Google displays Social Sitelinks on searches for social sites
| 1:58 pm on Dec 4, 2010 (gmt 0)|
I use hitwise and can confirm a huge shift in organic traffic flow with clickstream data. This is the only real way that I can see what's really going on out there. I'm seeing more dissatisfaction with searches in our industry (expressed by upstream short visits / multiple searches). Anyone using compete or comscore [or some other tool] with similar data? Just looking at the SERPs is not a valid measure.
| 2:33 pm on Dec 4, 2010 (gmt 0)|
I don't know whether this is relevant: it might be, for any of you in the publishing business.

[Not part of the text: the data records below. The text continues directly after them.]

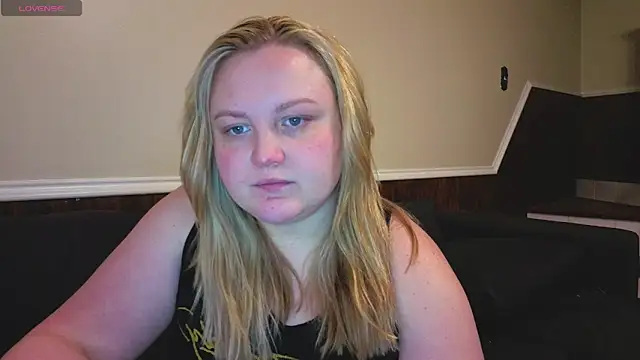 Snapshot of PhatAssBlond chatting on March 3, 2026, 6:48 pm PhatAssBlond online show from March 3, 2026, 6:48 pm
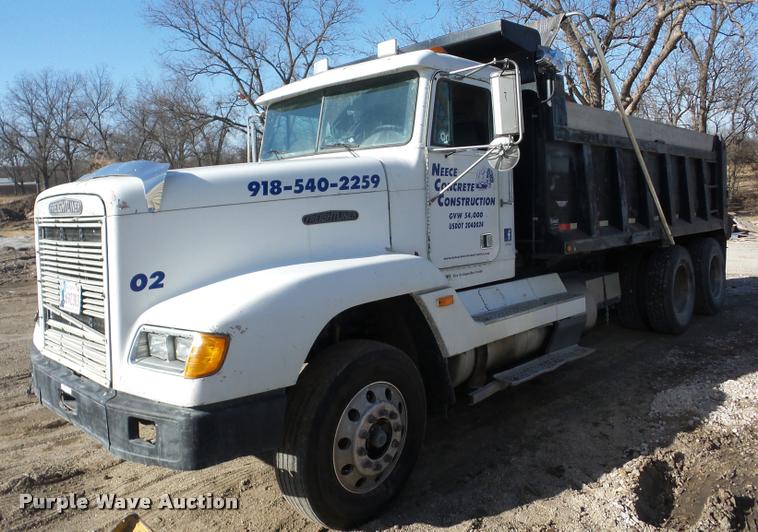 image for item AG9099 1991 Freightliner FLD dump truck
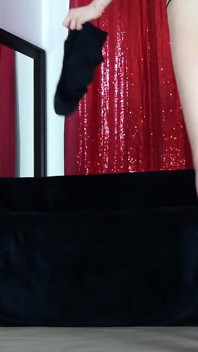 ถุงน่องลูกไม้สีดำ รองเท้าส้นสูงขัดเงา และเดคอลเต้ อิตา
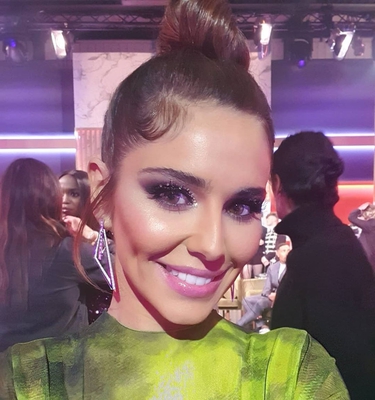 Live_5_29_02_20_281229.jpg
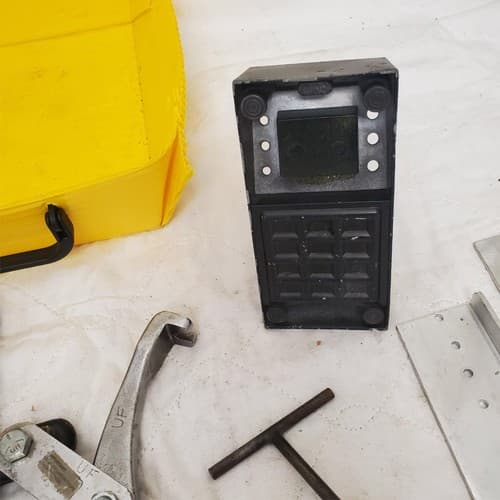 Tool & Parts Lot – Gear Puller, T-Handle Tool, Brackets, & More LOT-417 - Thumbnail 10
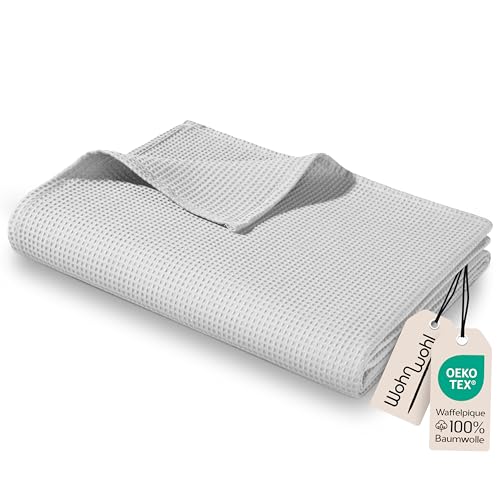 WOHNWOHL® Tagesdecke (220x240cm) • Große Waffelpique Decke • 100% Baumwolle • Sommerdecke • Sofa-Decke • Pflegeleichte Wohndecke • Überwurfdecke • Baumwolldecke • Farbe: Hellgrau von WOHNWOHL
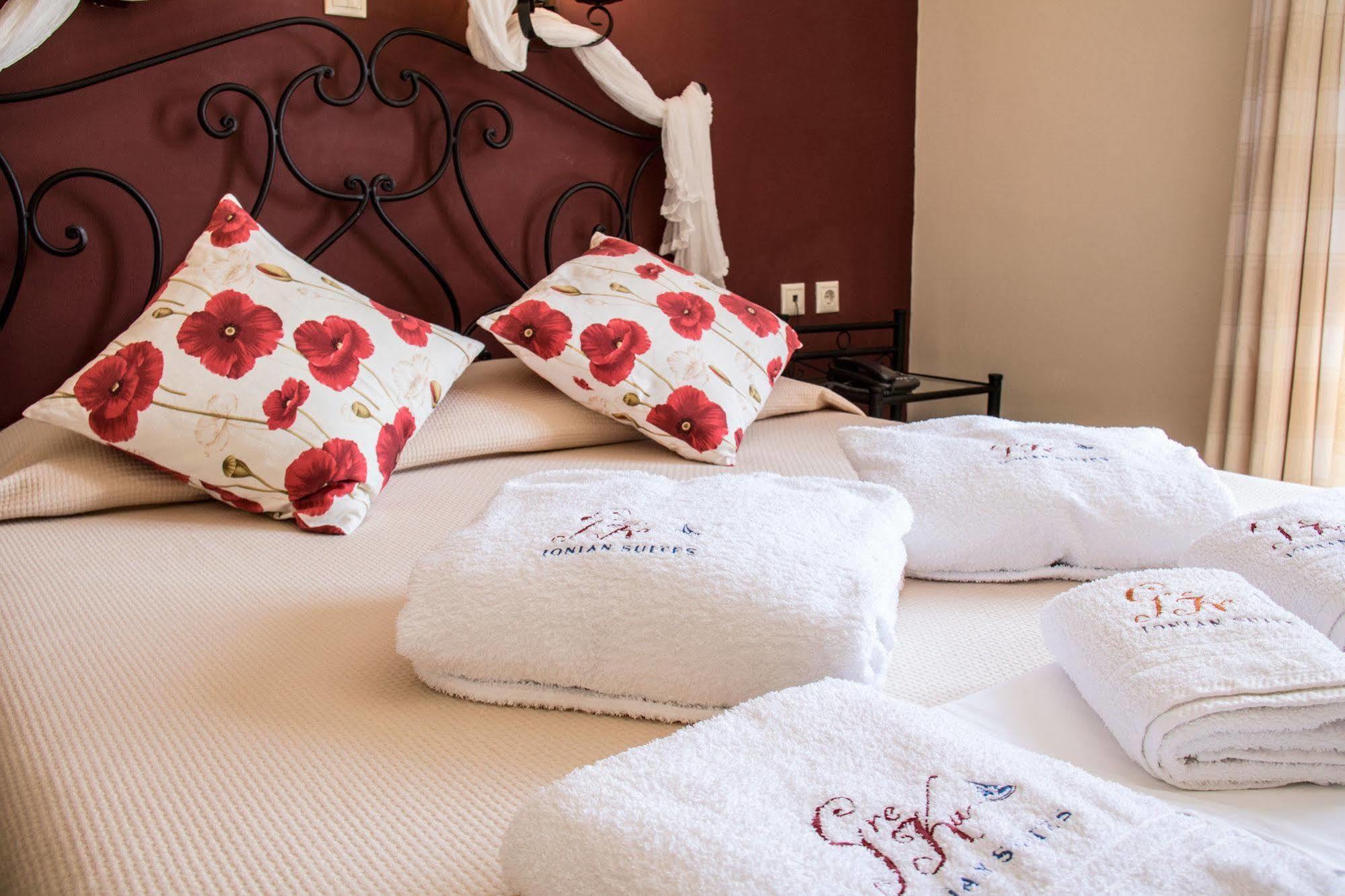 Greka Ionian Suites Agia Efimia 외부 사진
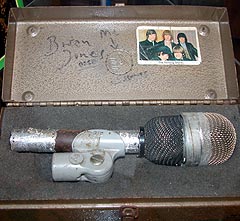 Denne mirkofonen skal ha tilhørt Brian Jones og ble brukt under Rolling Stones' konsert i Norge i 1965. Foto: Jørn Gjersøe, nrk.no/musikk.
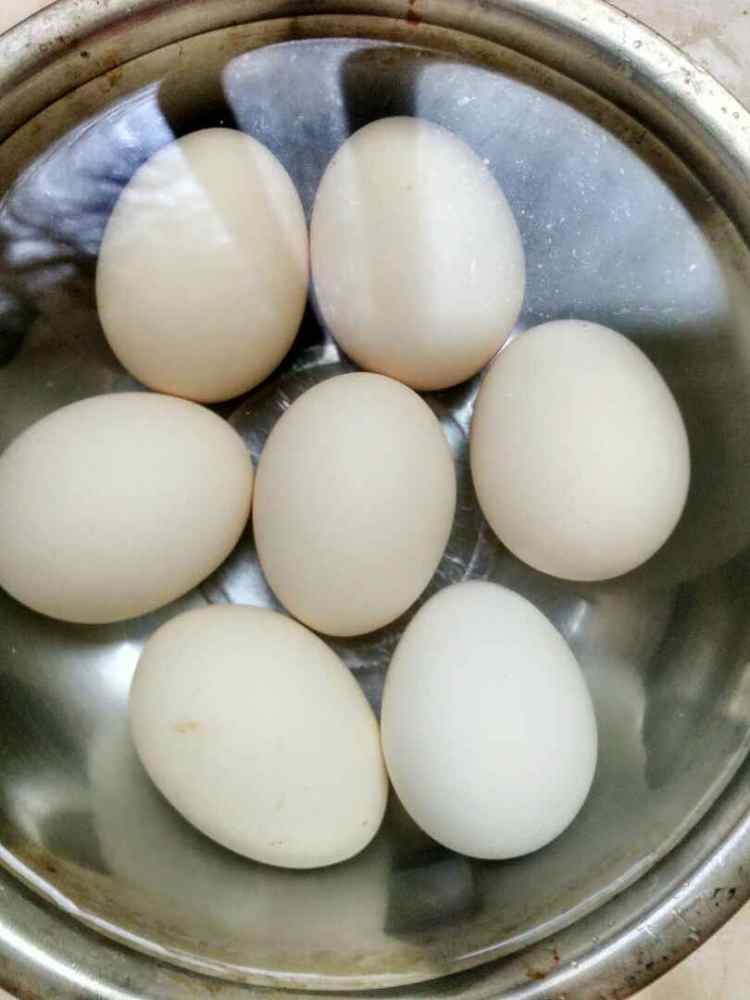 五香卤鸡蛋步骤2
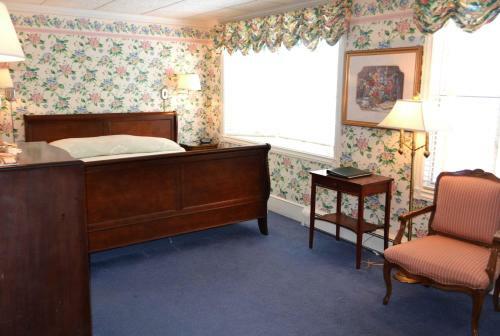 Hotel Stafford's Bay View Inn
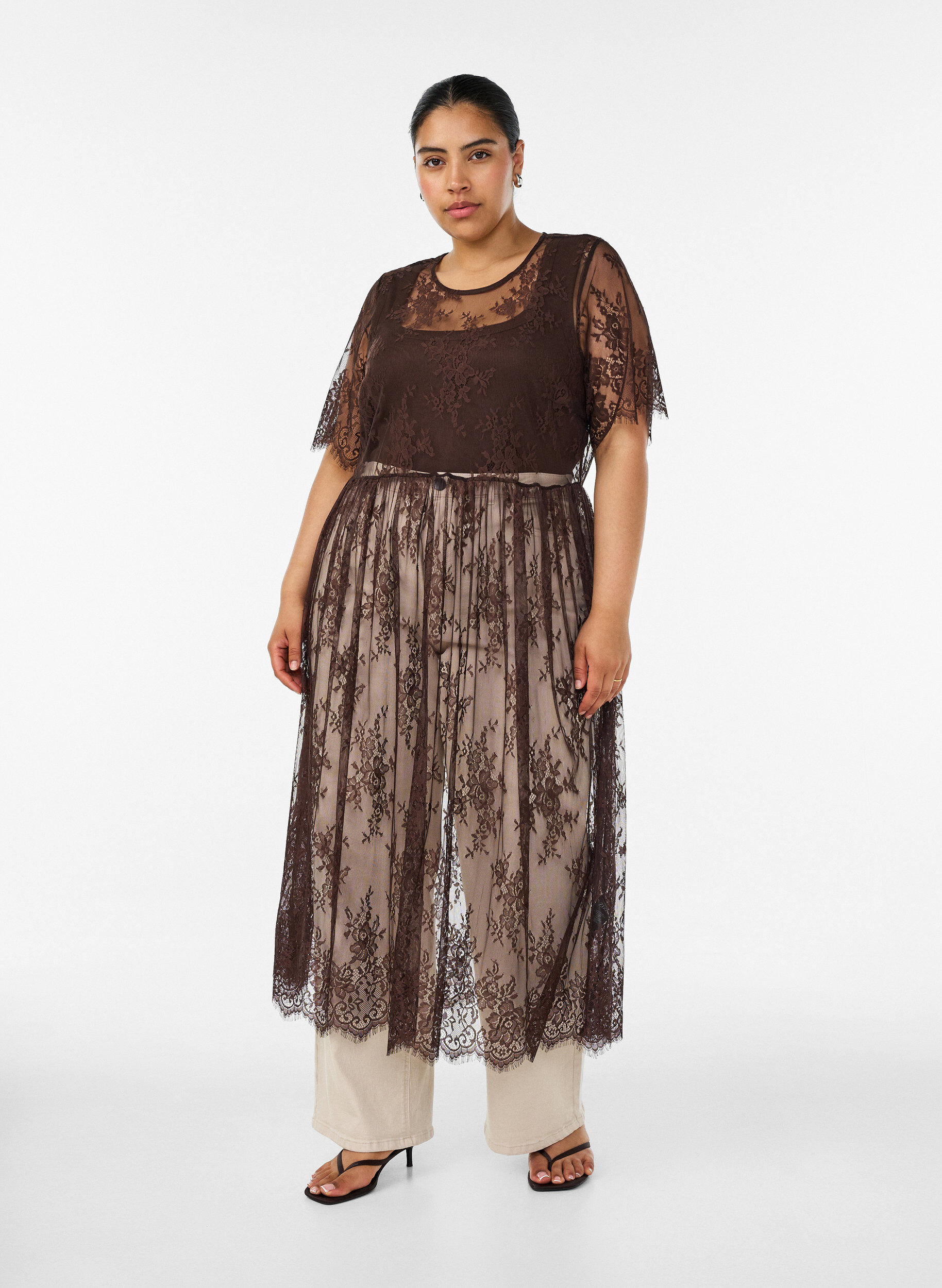 Robe mi-longue en dentelle transparente &agrave; manches courtes, Marron, Model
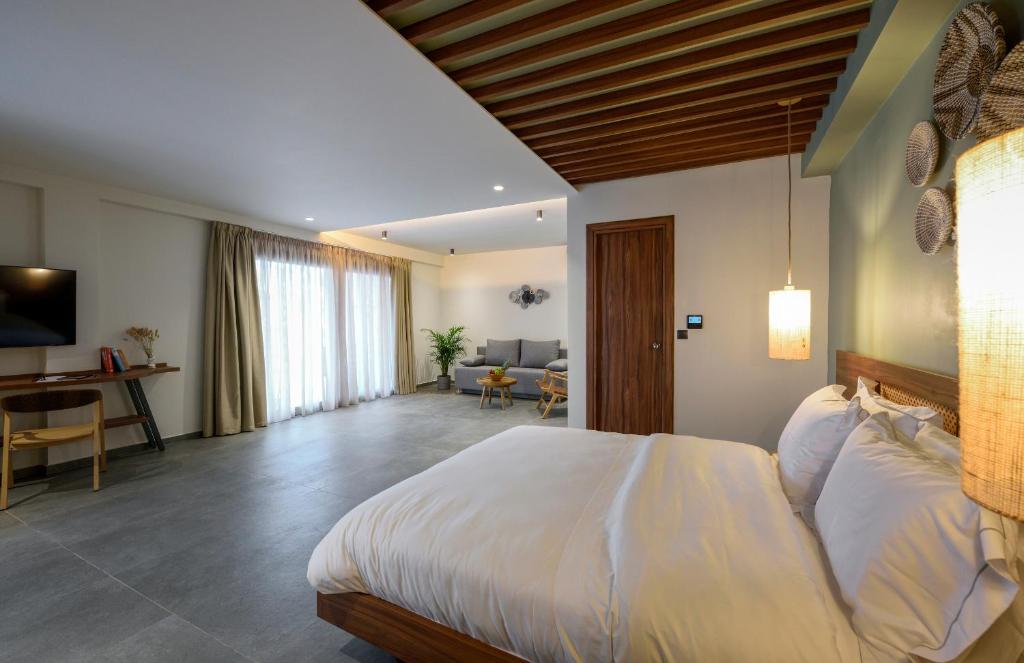 Amyntas Seafront Hotel - Adults Only - 8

But yesterday, when I went to the Technology section of GoOgle Reader, I noticed for the first time that the first two pages of results were GoOgle-related in some way. Certainly a change in search results. Very boring.
| 2:36 pm on Dec 4, 2010 (gmt 0)|
Dirigo I don't personally have the data but I know in a friends industry where I shared data earlier they are seeing unprecedented shifts. The reason google is making many changes quickly isn't to give us headaches. They see the same data.
I see it manifesting in a continual rise of bing. I see erratic huge shifts in traffic.
Upstream at the supplier level there was an inverse relationship. When reseller traffic dove their traffic was up and vice versa. All related to google tweaks.
Google does have the power to hurt the economy and some of their actions and changes this fall no doubt have has this effect. They know this but how much do they really understand the algo at this point or is this becoming the earlier windows kernels where at some point the process needs to be started from line 1 again?
What people forget is how much etail effects regular commerce. Joe public may use google to check product a for price, availability, specs and then go buy it locally or if they can't find it at all assume it's no longer available. There were thousands of our skus that vanished from the SERPS and were replaced by nonsense. Every company selling these items was gone.
The thought that a few key searches by key players per google can effect traffic....can you say pay per search?
| 1:07 am on Dec 6, 2010 (gmt 0)|
today my bounce rate is at a ridiculously low 16%. This is the lowest in the 4 years this website has been in business. It is usually at around 20-22% but has never hit the magical teen numbers.